Section below generally aids in debugging Hudi failures. Off the bat, the following metadata is added to every record to help triage issues easily using standard Hadoop SQL engines (Hive/PrestoDB/Spark)
- _hoodie_record_key - Treated as a primary key within each DFS partition, basis of all updates/inserts
- _hoodie_commit_time - Last commit that touched this record
- _hoodie_file_name - Actual file name containing the record (super useful to triage duplicates)
- _hoodie_partition_path - Path from basePath that identifies the partition containing this record
For performance related issues, please refer to the tuning guide
Please check if there were any write errors using the admin commands above, during the window at which the record could have been written. If you do find errors, then the record was not actually written by Hudi, but handed back to the application to decide what to do with it.
First of all, please confirm if you do indeed have duplicates AFTER ensuring the query is accessing the Hudi table properly .
- If confirmed, please use the metadata fields above, to identify the physical files & partition files containing the records .
- If duplicates span files across partitionpath, then this means your application is generating different partitionPaths for same recordKey, Please fix your app
- if duplicates span multiple files within the same partitionpath, please engage with mailing list. This should not happen. You can use the
records deduplicatecommand to fix your data.

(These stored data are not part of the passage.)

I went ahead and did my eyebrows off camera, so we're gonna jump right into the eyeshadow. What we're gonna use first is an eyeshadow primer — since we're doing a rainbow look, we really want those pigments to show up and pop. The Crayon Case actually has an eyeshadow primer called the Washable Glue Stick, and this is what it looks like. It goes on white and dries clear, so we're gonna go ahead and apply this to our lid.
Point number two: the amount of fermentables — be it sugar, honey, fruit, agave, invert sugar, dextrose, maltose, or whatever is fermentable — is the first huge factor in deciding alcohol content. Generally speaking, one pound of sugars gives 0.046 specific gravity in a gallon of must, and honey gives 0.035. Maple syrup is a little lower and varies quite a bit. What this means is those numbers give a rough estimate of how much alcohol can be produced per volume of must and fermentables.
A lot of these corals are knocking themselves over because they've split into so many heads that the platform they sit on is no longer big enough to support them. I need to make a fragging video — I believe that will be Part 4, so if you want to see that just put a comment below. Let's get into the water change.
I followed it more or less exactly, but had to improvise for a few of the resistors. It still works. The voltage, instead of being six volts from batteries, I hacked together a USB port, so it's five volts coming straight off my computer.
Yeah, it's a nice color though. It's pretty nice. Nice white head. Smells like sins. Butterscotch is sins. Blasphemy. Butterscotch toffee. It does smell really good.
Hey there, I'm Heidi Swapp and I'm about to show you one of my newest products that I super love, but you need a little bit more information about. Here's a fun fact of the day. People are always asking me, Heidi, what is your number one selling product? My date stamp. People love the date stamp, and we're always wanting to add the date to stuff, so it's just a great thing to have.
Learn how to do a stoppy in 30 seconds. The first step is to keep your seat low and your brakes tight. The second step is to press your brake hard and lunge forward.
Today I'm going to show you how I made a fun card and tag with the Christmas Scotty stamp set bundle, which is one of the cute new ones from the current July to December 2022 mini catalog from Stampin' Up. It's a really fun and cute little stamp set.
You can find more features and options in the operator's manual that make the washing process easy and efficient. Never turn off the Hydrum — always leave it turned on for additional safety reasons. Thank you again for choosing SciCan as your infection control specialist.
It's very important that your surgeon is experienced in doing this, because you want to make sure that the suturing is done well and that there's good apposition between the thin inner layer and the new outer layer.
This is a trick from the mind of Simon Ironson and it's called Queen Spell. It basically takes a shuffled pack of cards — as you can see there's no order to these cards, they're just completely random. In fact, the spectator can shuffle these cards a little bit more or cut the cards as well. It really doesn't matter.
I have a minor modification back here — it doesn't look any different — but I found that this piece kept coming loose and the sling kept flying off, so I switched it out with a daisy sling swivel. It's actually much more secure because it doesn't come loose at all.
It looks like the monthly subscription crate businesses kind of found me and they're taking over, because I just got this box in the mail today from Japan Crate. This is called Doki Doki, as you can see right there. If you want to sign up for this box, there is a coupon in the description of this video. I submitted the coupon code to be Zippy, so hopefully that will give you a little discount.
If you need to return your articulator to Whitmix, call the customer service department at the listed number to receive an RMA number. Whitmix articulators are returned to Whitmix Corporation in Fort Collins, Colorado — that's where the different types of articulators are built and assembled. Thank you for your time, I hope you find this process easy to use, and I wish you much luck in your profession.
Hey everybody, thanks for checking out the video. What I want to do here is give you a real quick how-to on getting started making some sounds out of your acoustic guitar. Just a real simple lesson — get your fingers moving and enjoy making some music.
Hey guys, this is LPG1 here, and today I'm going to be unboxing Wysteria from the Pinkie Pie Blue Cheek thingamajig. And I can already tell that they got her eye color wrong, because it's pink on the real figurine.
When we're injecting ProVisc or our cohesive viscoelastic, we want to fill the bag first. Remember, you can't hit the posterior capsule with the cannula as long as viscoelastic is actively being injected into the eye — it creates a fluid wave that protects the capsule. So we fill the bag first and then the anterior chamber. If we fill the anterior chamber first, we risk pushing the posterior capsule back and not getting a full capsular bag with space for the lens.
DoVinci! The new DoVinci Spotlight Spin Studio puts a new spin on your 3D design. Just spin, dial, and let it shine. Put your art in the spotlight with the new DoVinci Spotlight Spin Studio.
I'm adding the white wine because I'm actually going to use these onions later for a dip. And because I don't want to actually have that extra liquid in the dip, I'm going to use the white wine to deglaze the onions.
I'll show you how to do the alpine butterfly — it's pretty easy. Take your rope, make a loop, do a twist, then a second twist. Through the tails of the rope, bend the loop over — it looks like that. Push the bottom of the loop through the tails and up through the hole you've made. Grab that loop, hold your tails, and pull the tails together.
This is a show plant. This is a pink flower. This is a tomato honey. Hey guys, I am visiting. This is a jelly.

Typical upsert() DAG looks like below. Note that Hudi client also caches intermediate RDDs to intelligently profile workload and size files and spark parallelism. Also Spark UI shows sortByKey twice due to the probe job also being shown, nonetheless its just a single sort.
At a high level, there are two steps
Index Lookup to identify files to be changed
- Job 1 : Triggers the input data read, converts to HoodieRecord object and then stops at obtaining a spread of input records to target partition paths
- Job 2 : Load the set of file names which we need check against
- Job 3 & 4 : Actual lookup after smart sizing of spark join parallelism, by joining RDDs in 1 & 2 above
- Job 5 : Have a tagged RDD of recordKeys with locations
Performing the actual writing of data
- Job 6 : Lazy join of incoming records against recordKey, location to provide a final set of HoodieRecord which now contain the information about which file/partitionpath they are found at (or null if insert). Then also profile the workload again to determine sizing of files
- Job 7 : Actual writing of data (update + insert + insert turned to updates to maintain file size)
Depending on the exception source (Hudi/Spark), the above knowledge of the DAG can be used to pinpoint the actual issue. The most often encountered failures result from YARN/DFS temporary failures. In the future, a more sophisticated debug/management UI would be added to the project, that can help automate some of this debugging.
This section lists down all the common issues that users have faced while using Hudi. Contributions are always welcome to improve this section.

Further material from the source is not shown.